患者には、以下を含む有害反応の可能性について知らせるべきである。これらの症状のほとんどは短期間であり、自発的に決断を下しません。重大な副作用の発現により、直ちに治療を中止し、医師に相談したり、救急車に電話をかけてください。対症療法の使用に関する決定は、医師が行う。
特定の群の患者がそのような反応のリスクがより高いという証拠はない。しかし、心臓血管疾患の患者は、治療期間全体を通して医師によって監視されるべきである。
発作および/またはアナフィラキシー様またはアレルギー反応のいくつかのケースが同定されている。重度の過敏反応(気管支痙攣、アナフィラキシー反応、蕁麻疹)もまれです。重度の反応の場合、適切な治療を処方し、薬物の服用を中止する必要があります。グラチラマーアセテートに対する抗体は、患者の血清中に検出された。平均3〜4ヶ月間の治療経過後、それらの最大濃度が記録され、その後、ベースラインのすぐ上のレベルで減少し、安定化した。

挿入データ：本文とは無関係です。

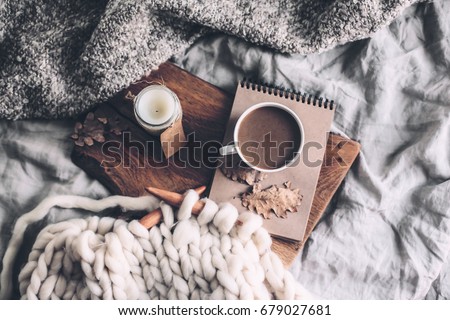 Cup of coffee and candle on rustic wooden serving tray in the cozy bed with blanket. Knitting warm woolen sweater in the autumn weekend, top view.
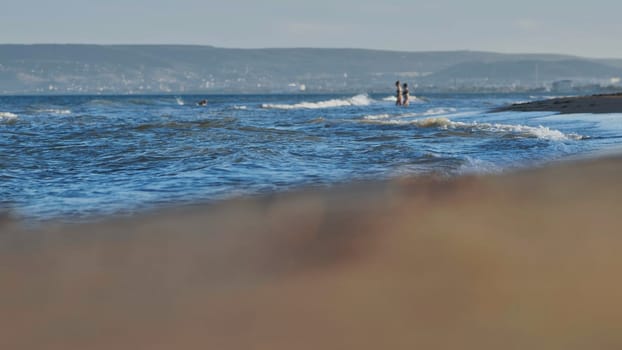 Sea waves washing sandy beach in Crimea with tourists enjoying summer vacation on a beautiful sunny day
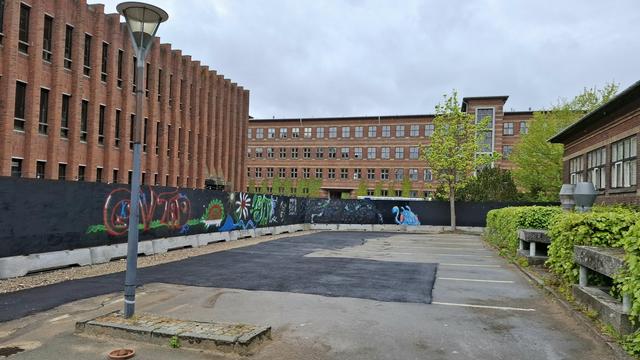 We are standing in the afternoon rain in a section of the grounds of the huge former Aarhus Amtssygehus (County Hospital) that was used from 1883 to 2018. It is near the city centre here in Aarhus, Denmark. To our left: a bombastic four-storey red-brick building with lots of windows – a later addition in the 1970s. Beyond: one of the original buildings from the late 1880s whose architecture is world-famous in Aarhus: red brickwork with single rows of yellow bricks, like ribbons, under the row of windows for each storey. To our left, a black construction work hoarding with colourful street art painted on it. To our right, a low green hedge and a few trees in front of a low building. In front of us, a single lamp-post on a messy grubby patch of ground covered in building dirt and dust. A large section of it is covered in a T-shaped patch of tarmac, haphazardly filling in, temporarily, the holes from which cranes lifted out the two generators that still worked in the underground bomb-proof hospital rooms built after the second world war. The respectively 380 kVA and 750 kVA generators were donated by Aarhus Kommune (council) and construction company developer Raundahl & Moesby to Ukraine. Danish charity group Generators For Ukraine transported them to a hospital in Odessa that treats both civilians and frontline soldiers. It had previously been hit by power cuts of up to 8 hours a day.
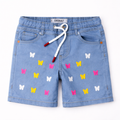 Girls light blue denim shorts with butterfly embroidery by lilcubspk, featuring a casual fit and decorative butterfly details.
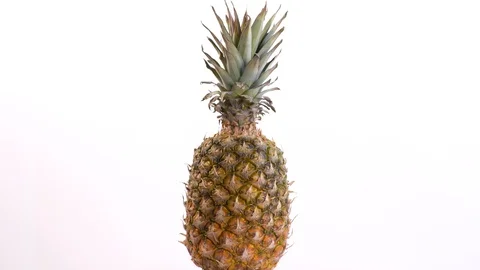 Whole Pineapple Rotates On A White Background Video stock 130144843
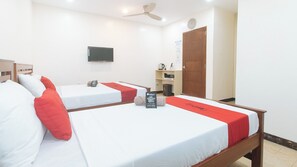 A hotel room with two single beds, a TV mounted on the wall, a wooden door, and a small shelf with items. - Reddoorz @ Rj's Bldg Near Lyceum Gen. Trias Cavite (General Trias)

グラチラマーアセテートに対する抗体が中和作用を有するか、または薬物の臨床効果に影響を及ぼすという証拠はない。
腎不全の患者では、免疫複合体の沈着が糸球体濾過に影響するという説得力のある証拠はないが、腎機能をモニターすべきである。
患者がCopaxone(登録商標)40を有するシリンジを冷蔵庫に貯蔵する能力を有していない場合、15〜25℃の温度で1ヶ月以下の貯蔵が可能である。月に薬が入ったシリンジを使用せず、ブリスターセルの包装を開けなかった場合、これらのシリンジをさらに冷蔵庫(2〜8℃)に保管する必要があります。
車両や機構を運転する能力に影響する。車両や機構を運転する能力への影響に関する研究は行われていない。
保管条件
暗所で2〜8℃の温度(凍結しないこと)。
子供の手の届かないところに保管してください。